Esta semana he querido hacer un homenaje a esos lugares que se encuentran a la vera de una carretera principal y que tantas veces hemos visto, pero que nunca hemos visitado.

Pues bien, yo este viernes he realizado un ir y venir a la población de Alegría/Dulantzi, a escasos kilómetros de Vitoria, paraíso de la patata alavesa, no hay otra igual. Como sabía que el recorrido no me iba a ocupar más que una pequeña parte de la mañana, he salido de casa con la intención de ver alguno de los pueblos que jalonan la autovía de la Barranca y que nunca he visto más que de lejos.

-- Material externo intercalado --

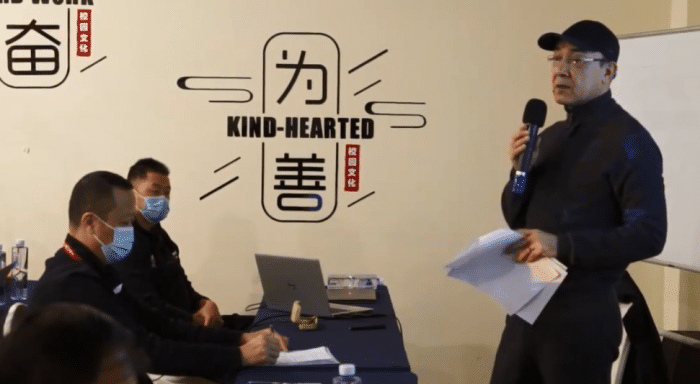 继贝帅后，阿的江也给CBA裁判上课！姚明现场观摩总结一针见血！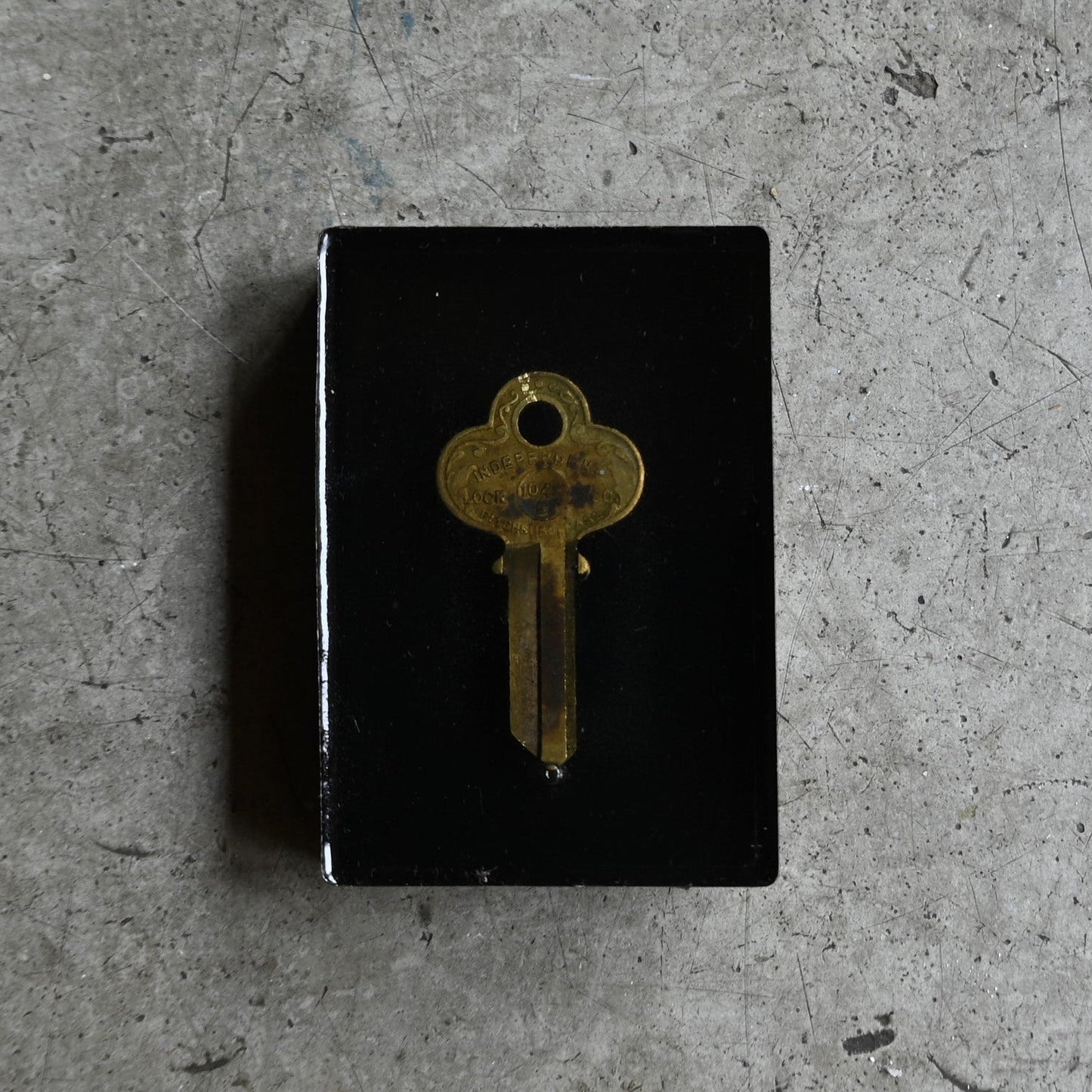 Acrylic resin object "Key"｛RB-01011｝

Veamos cómo ha ido la cosa.

A las 10:10 estaba en el almacén de Patatas Alavesas que se encuentra en el polígono industrial Lurgorri, en la mentada localidad de Alegría/Dulantzi. Realizada mi gestión y mercadas las ricas patatas que se servirán en la calle Bergamín, puse de nuevo rumbo a casa. A poco de salir del polígono me llamó la atención un desvío en el que una señal de color rosa (indican lugar de arte) decía: Ntra. Sra. de Ayala. No lo he dudado ni un instante, parafraseando a mi recordado padre me he dicho: voy a ir para que no me lo cuenten, y he salido de mi ruta para visitar la ermita. Tras recorrer un kilómetro escaso ha aparecido ante mí una maravillosa iglesia tardorrománica, ya con influencias del gótico. El templo, de tamaño considerable y con elementos decorativos importantes, carece de torre, cuenta con una pequeña espadaña entre la nave y el ábside, una planta rectangular y un pórtico cerrado con cuatro arcos, tres ojivales y uno de medio punto, que protege la bella portada de arco apuntado que, entre boceles y escocias, cuenta con cinco arquivoltas plenamente decoradas, así como las impostas sobre las que descansan, con un bonito ajedrezado jaqués, inequívoco signo jacobeo, lo cual nos indica que por allí pasaba el camino vasco, alternativo al de Roncesvalles y al de Somport y que tras estas tierras alavesas se juntaba con el francés en La Rioja. Canecillos, aspilleras protegidas por guardapolvos de medio punto con decoración de bolas, y algún elemento constructivo más componen un conjunto que es digno de verse. Según cuenta el típico cartel informativo que allí se encuentra, la ermita no se levantó en mitad de la llanada alavesa, tierras de la Cuadrilla de Salvatierra, que talmente se llaman, de forma aislada, sino que fue al revés ya que es lo único que queda en pie de la vieja aldea de Ayala, de la que era parroquia. Unas cuidadas campas frente a la iglesia, con mesas y bancos listos para una rica comida campestre, completan el enclave.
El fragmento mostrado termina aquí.